Hagel, expressing “considerable reservations” about the troubled ship built for shallow coastal waters, cut the program to 32 ships from 52 in January and ordered a study of possible modifications and alternatives. Instead of going for a new ship, he announced late yesterday that he’d opted for changes that he said will “offer improvements in ship lethality and survivability” at an “affordable price.”
The ship is built in two versions by Lockheed and Austal, and Sean Stackley, the Navy’s top weapons buyer, told reporters that the service will continue the “dual-sourcing” approach that’s been used to buy the first 20 ships. That means “two builders competing on the program,” he said, adding that the service is still drafting an acquisition strategy for the modified vessels.
The Littoral Combat Ship was conceived to engage in surface warfare against small vessels as well as submarine-hunting and mine-clearing. Development delays, rising costs and questions about whether the lightly armed, small ships would survive in battle fueled mounting criticism.
Hagel directed that the modified Littoral Combat Ships be equipped with improved armor, long-range surveillance, weapons, electronic warfare, decoys and sonar. He said production will begin no later than fiscal 2019.
The defense secretary also directed the Navy to present a plan by May examining the cost of making improvements to the 32 original ships.
Hagel intends to step down upon confirmation of his successor. President Barack Obama’s nominee for the job, Ashton Carter, championed the Littoral Combat Ship as a model for weapons purchasing practices when he served as the Pentagon’s acquisitions chief from 2009 to 2011.
Congressional critics of the ship’s cost and performance, including Arizona Republican John McCain, the incoming chairman of the Senate Armed Services Committee, may ask Carter about that during his confirmation hearing next year.
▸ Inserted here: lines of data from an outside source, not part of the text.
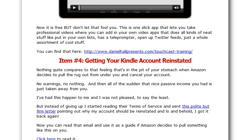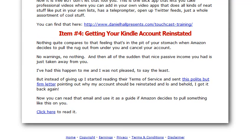Last but not least, in item four you're going to get the email that got my Kindle account reinstated. Hopefully you will never lose your Kindle account like I did, but this is an insurance policy in case you do. If something bad happens like what happened to me, you will have at least a starting place to try to get your Kindle account back.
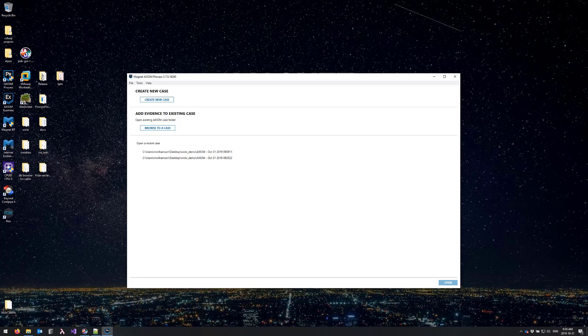Hi, I'm Mike Williamson. Today we'll be looking at a brand new artifact with Axiom 3.7: Wicker database decryption on iOS using the iOS keychain.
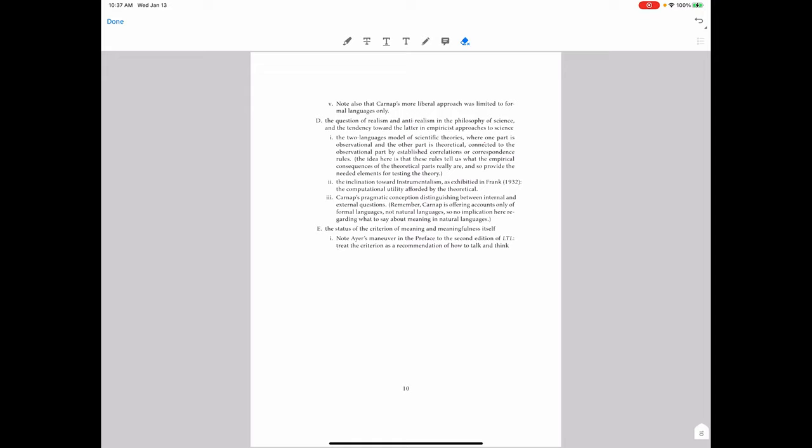It's important to remember once more, I've already said it, but Carnap is offering an account here only of formal languages, not natural languages. So there's no implication, no direct implication here regarding what to say about meaning in natural language. That's an interesting fact about things as they developed in logical positivism. And it will be resisted by later Wittgenstein and the ordinary language movement that developed as a result of later Wittgenstein's work.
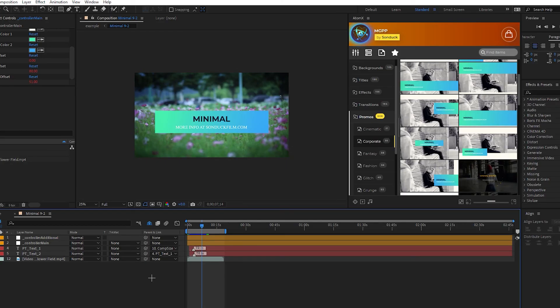Hopefully that's enough to get you going with the Motion Graphics Professionals Pack. Thank you very much for purchasing it. Good luck with your future creations, and have a great day.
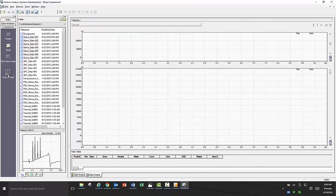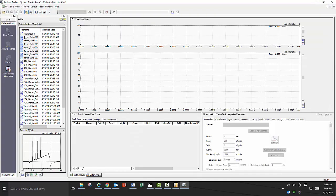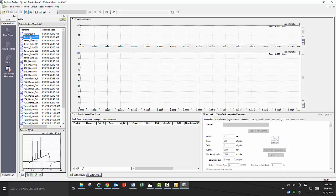To look at an individual data file in more detail, go back to the main assistant bar menu and select data analysis. Once that is opened, just as in data comparison, you will see the file explorer window. Select your data file you want to look at either by double clicking on it or by dragging it into the chromatogram view.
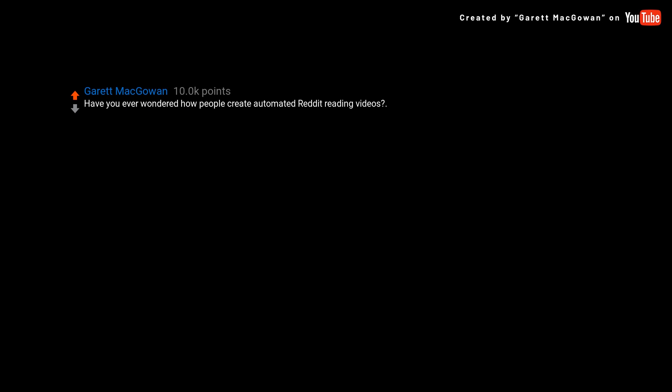Welcome to my YouTube channel. Have you ever wondered how people create automated Reddit reading videos? There's this big trend on YouTube right now where people are using computer generated voices to read Reddit threads. A couple weeks ago, I thought I could do this, so I did.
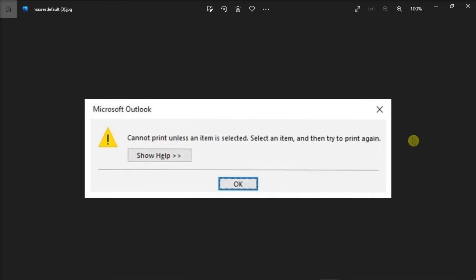Microsoft Outlook stores its print settings in the Outprint file. If this file has been corrupted or is missing, you may not be able to print or change print settings in Microsoft Outlook.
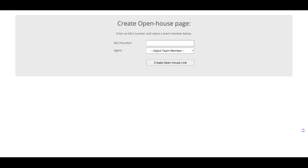That'll bring you to a page like this. It's pretty simple to use. You just pop in an MLS number, which you can obviously get from your site or from the MLS or wherever you're at. I'm actually grabbing one real quick right now.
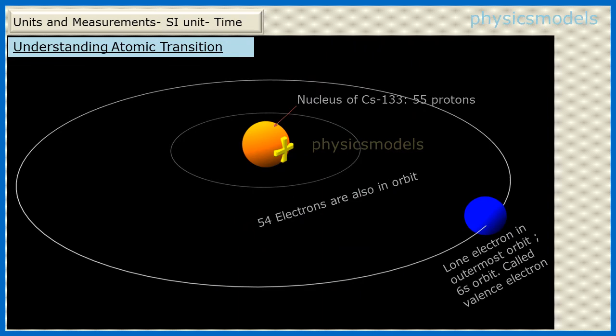Let's now understand a visual of atomic transition. In the center is the nucleus of a Cs-133 atom. It has 55 protons and therefore 55 electrons because it's a balanced atom. Out of these 55 electrons, 54 are rotating around the nucleus, and there is one lone electron in the outermost orbit called the 6s orbit — that's called the valence electron. That is the electron scientists played with to create the atomic transition.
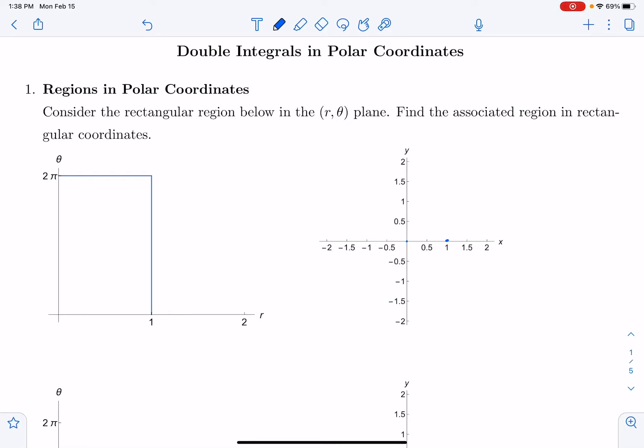So far, we've looked at double integrals over regions that can be easily described in rectangular coordinates. Now we want to look at more curvy regions that can be described more easily in polar coordinates. The first thing I want to do is show how a region that is curvy in rectangular coordinates will look more rectangular in polar coordinates.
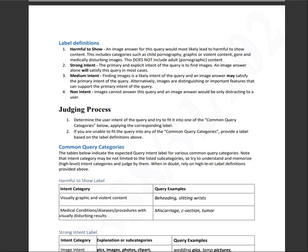So for the medium image intent, finding images is a likely intent of the query. And an image answer may satisfy the primary intent of the query. Alternatively, images are distinguishing or important features that can support the primary intent of the query. Non intent will be images that cannot answer the query. And an image answer would be only distracting to a user.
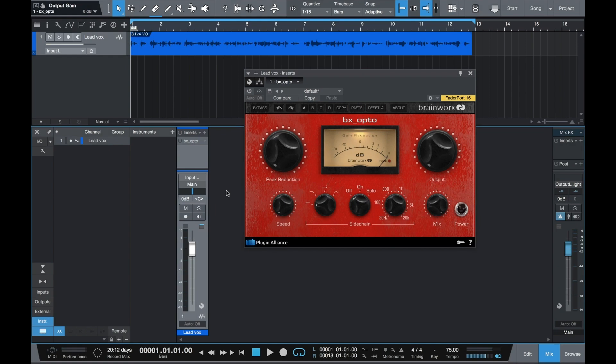Hey guys, it's Richard with Presonus, and in this video I'm going to show you how to get a professionally sounding voiceover with the BrainWorks Opto Compressor.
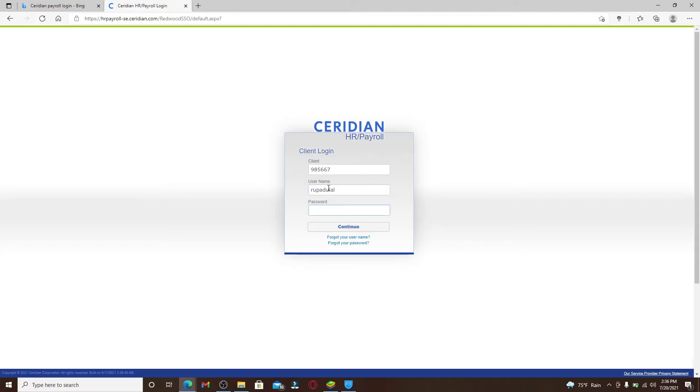Make sure to type it in correctly. If you want to double-check your password before moving on, you can click on the eye icon at the right corner which will help you reveal your password.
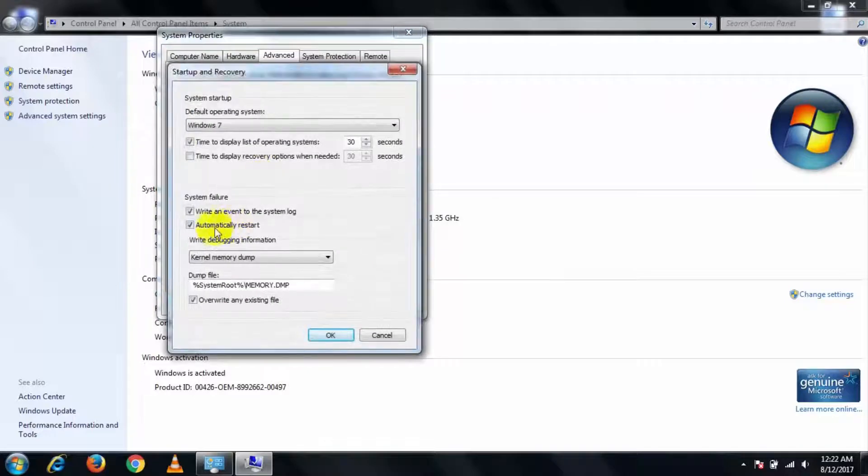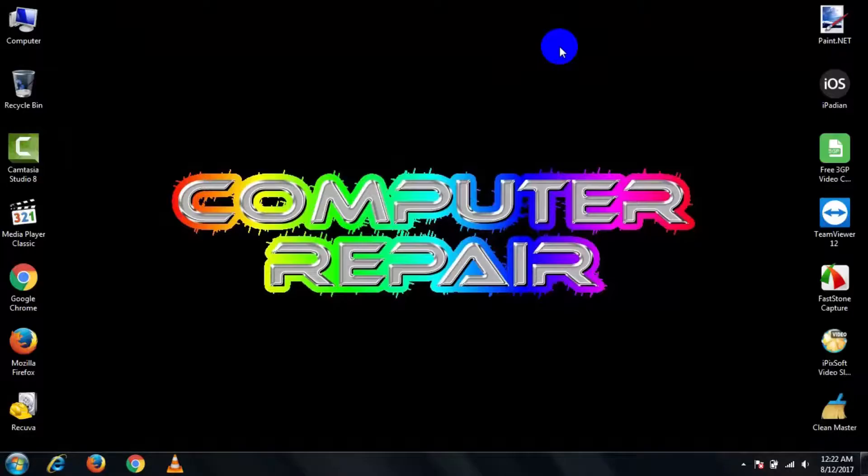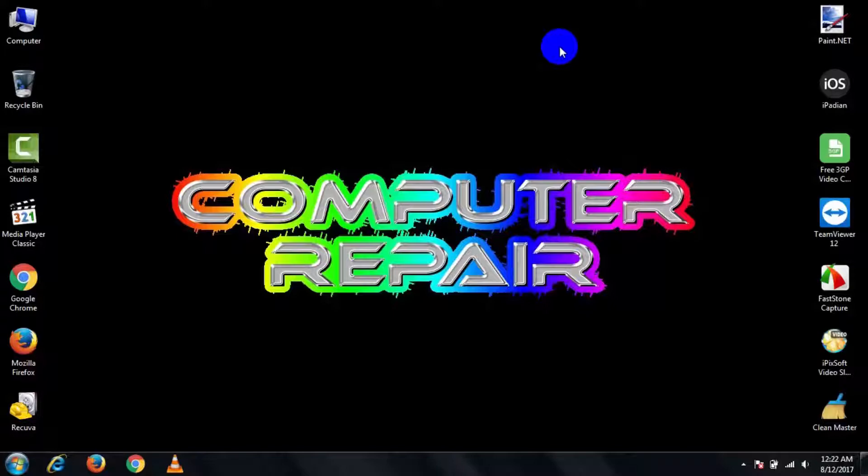And uncheck 'Automatically Restart' and press OK. That's it! It will stop the auto restart problem in your Windows PC.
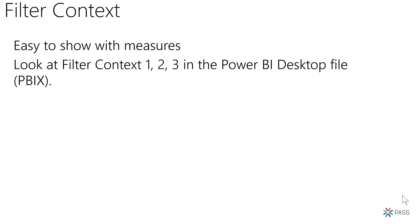Now we're going to talk about the calculate function. The calculate function is really complicated for beginning users of DAX. I one time went on a project where every single measure that they created in their data models used the calculate. When I asked them why, they said, well, doesn't calculate do math? Don't we need calculate every single time we run calculate? No, that isn't true.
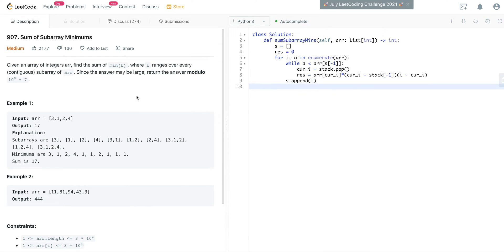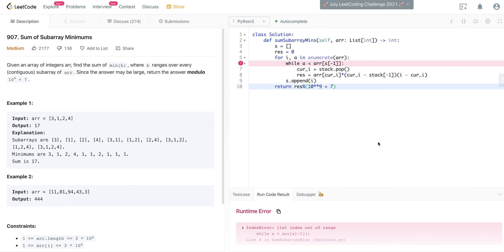The question also asks you to return the result modulo 10 to the power of 9 plus 7. This is the main logic, but if you run it directly it will give you an error.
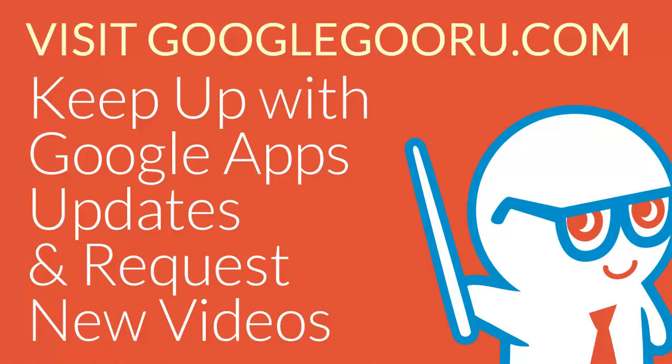That was just a little bit of an introduction to the experimental features page of your Chrome browser. If you have any questions, please leave us a comment in the section below the video. Thanks.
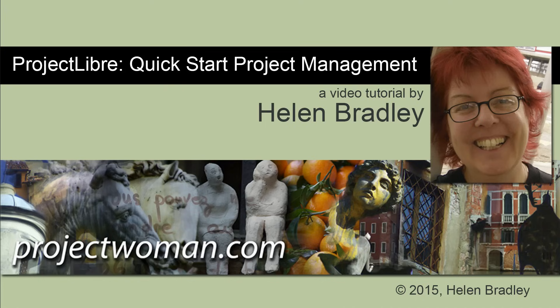Hello, I'm Helen Bradley. Welcome to this video tutorial. In this tutorial, we're going to look at quick starting a project management task using ProjectLibre.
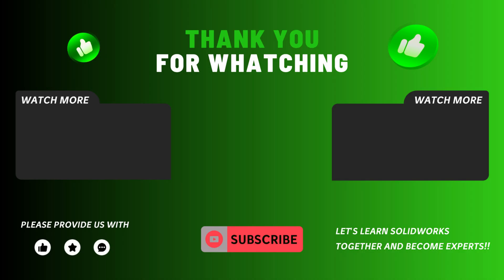Please like this video and subscribe to this channel so we can learn a lot more about SOLIDWORKS and become an expert. Thanks for watching.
The Navy said the modifications ordered by Hagel can be achieved with an increase of less than 20 percent over the cost of the current vessels. Stackley said the modifications will add about $75 million to the ship’s price tag, which was about $360 million for the basic seaframe in the latest contract.
Although the Pentagon will include money to initiate the changes in its upcoming fiscal 2016 budget request, the plan laid out by Hagel will have little immediate impact on the current 32-ship program. That’s because the Navy has approval to buy eight more of the existing designs in fiscal years 2016-2018.
About $12 billion has been appropriated by Congress so far for 20 vessels. In addition to $23 billion to build the 32 ships in the original program, the Navy had planned to spend $7.2 billion to buy the modules that are supposed to be swapped out for different missions.
Production of the first modified vessels wouldn’t begin until well into the next president’s administration. It could face the need to train personnel and maintain four new and older variations of the ship made by Bethesda, Maryland-based Lockheed and Henderson, Australia-based Austal.